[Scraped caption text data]
=== Section Start ===
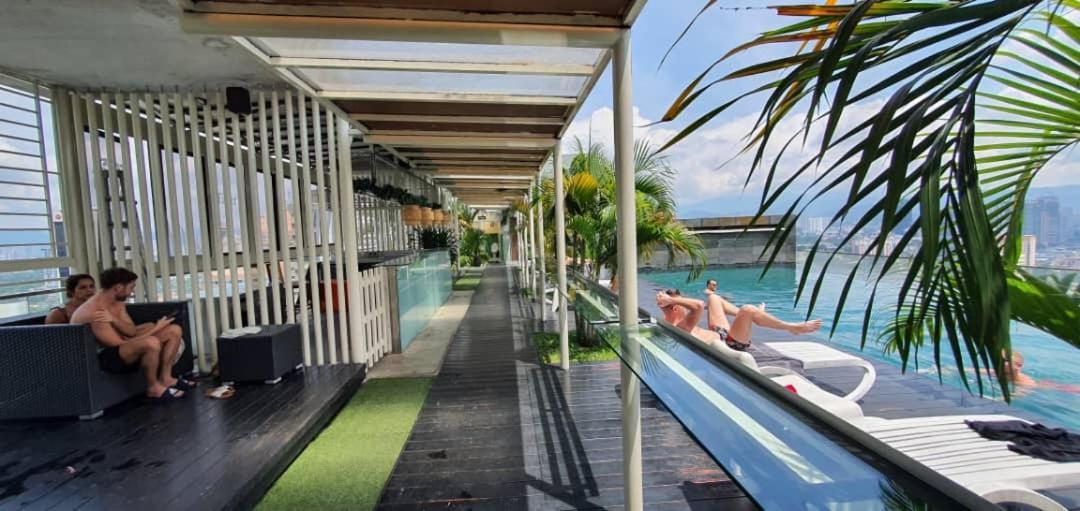 Pangsapuri Regalia Klcc View Rooftop Infinity Pool By Angkasa Homes *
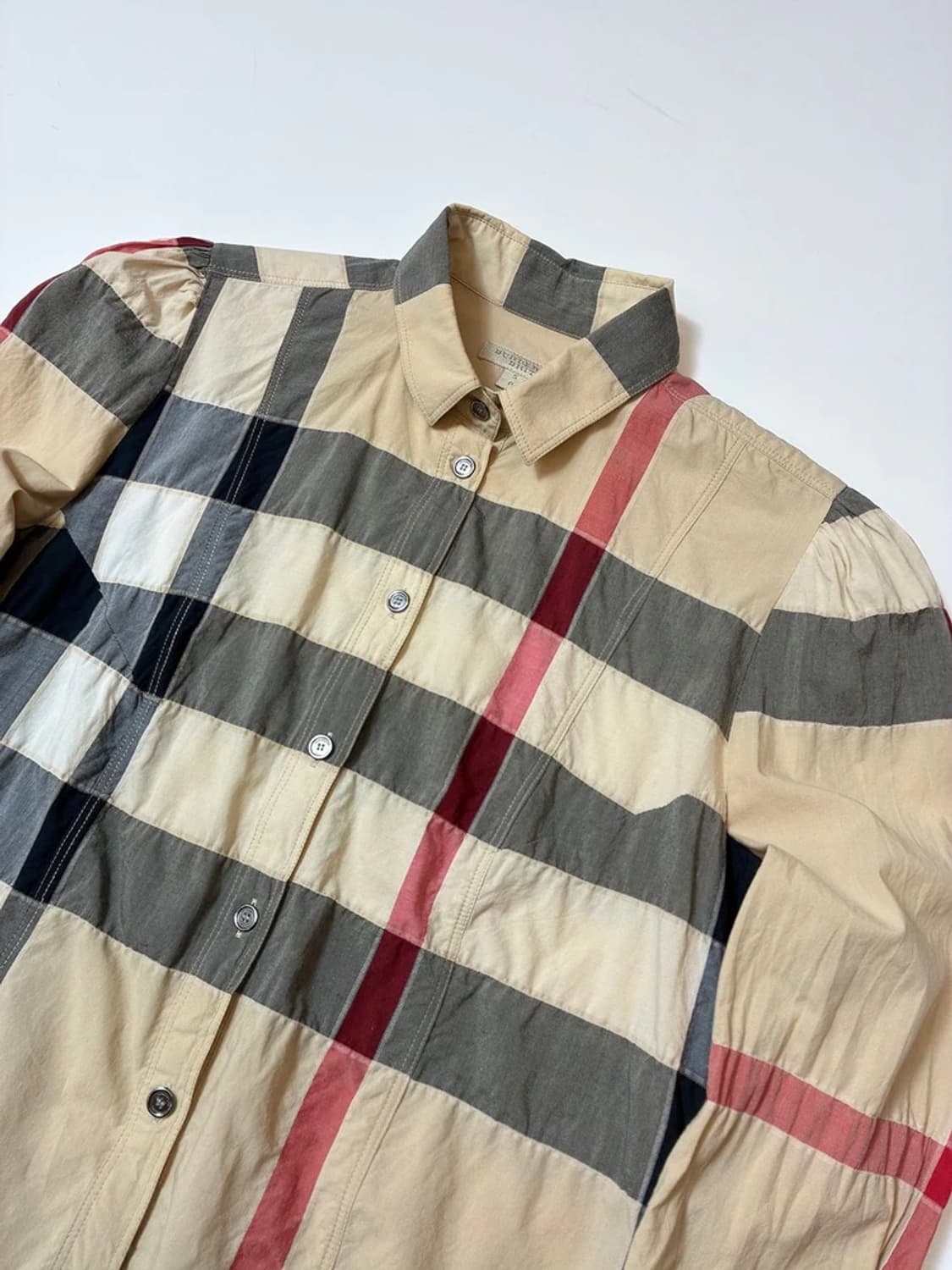 버버리 브릿 셔링 노바 체크 7부 블라우스 PN8384 상품이미지2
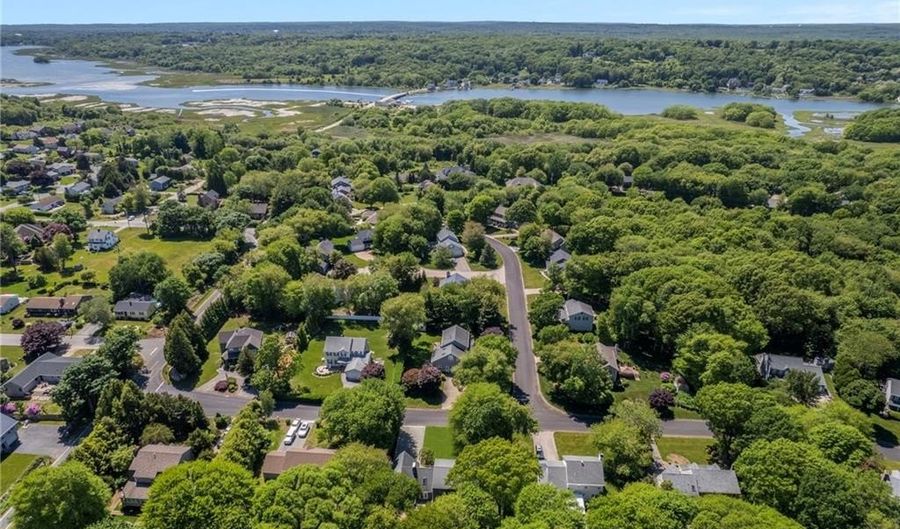 15 Secluded Dr, Narragansett, RI 02882 - 4 Beds, 3 Bath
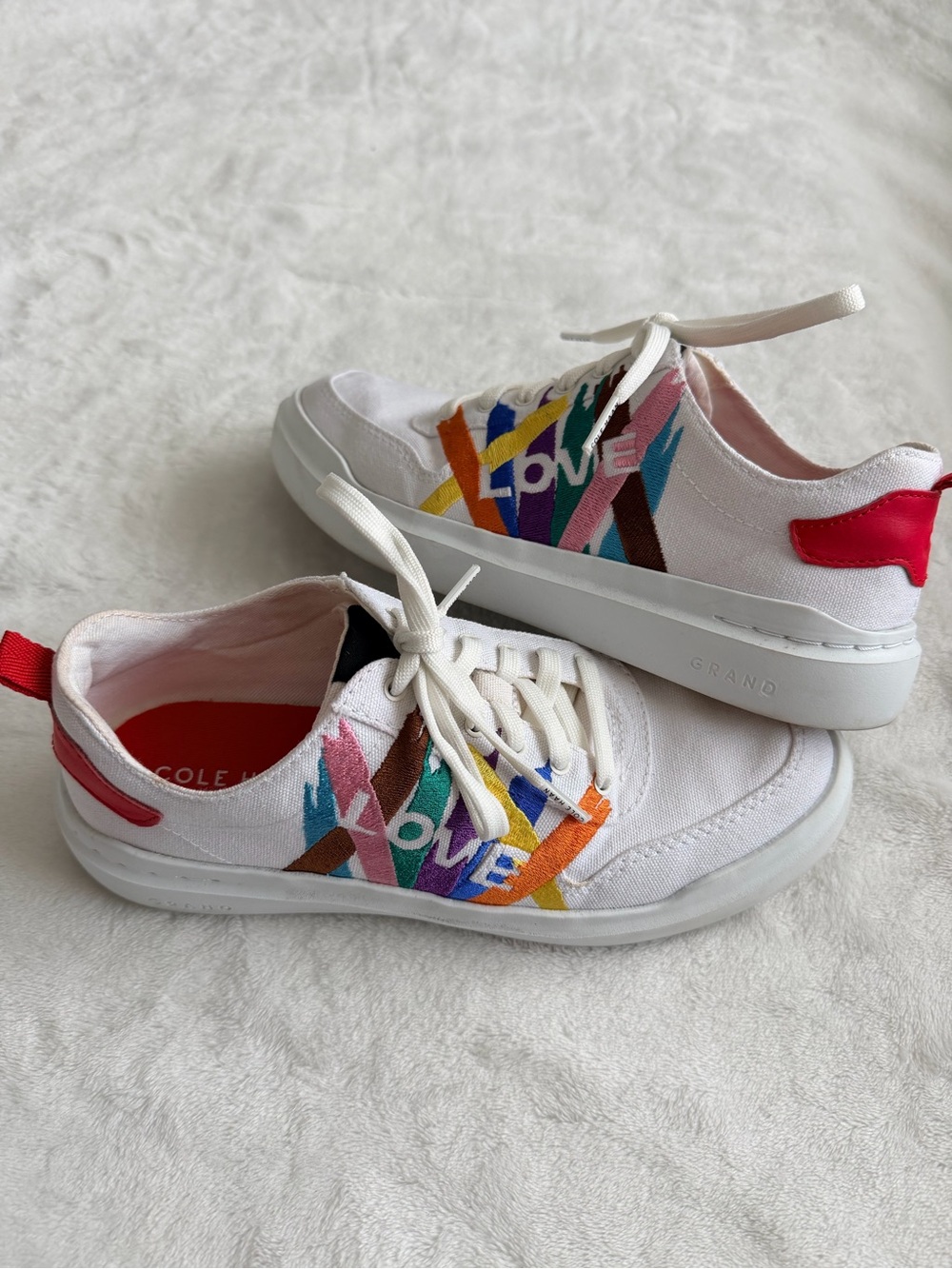 Cole Haan Grand Pro Rally Canvas ‘LOVE' Embroidery Court Sneakers Size 7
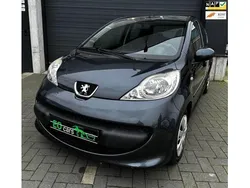 Grijs Gebruikt 2009 Peugeot 107 Hatchback | € 3.195 (Eerlijke prijs)
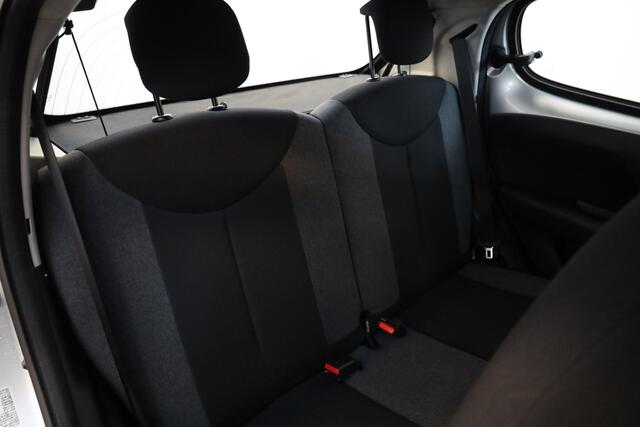 Citroen C1 VTi 68 Shine Automaat/ETG Navigatie | Climate controle | Camera | Parkeer sensoren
=== Section End ===
* Task item: Copy out the data verbatim, excluding the pictures.

* Answer to this task:
 Pangsapuri Regalia Klcc View Rooftop Infinity Pool By Angkasa Homes *
 버버리 브릿 셔링 노바 체크 7부 블라우스 PN8384 상품이미지2
 15 Secluded Dr, Narragansett, RI 02882 - 4 Beds, 3 Bath
 Cole Haan Grand Pro Rally Canvas ‘LOVE' Embroidery Court Sneakers Size 7
 Grijs Gebruikt 2009 Peugeot 107 Hatchback | € 3.195 (Eerlijke prijs)
 Citroen C1 VTi 68 Shine Automaat/ETG Navigatie | Climate controle | Camera | Parkeer sensoren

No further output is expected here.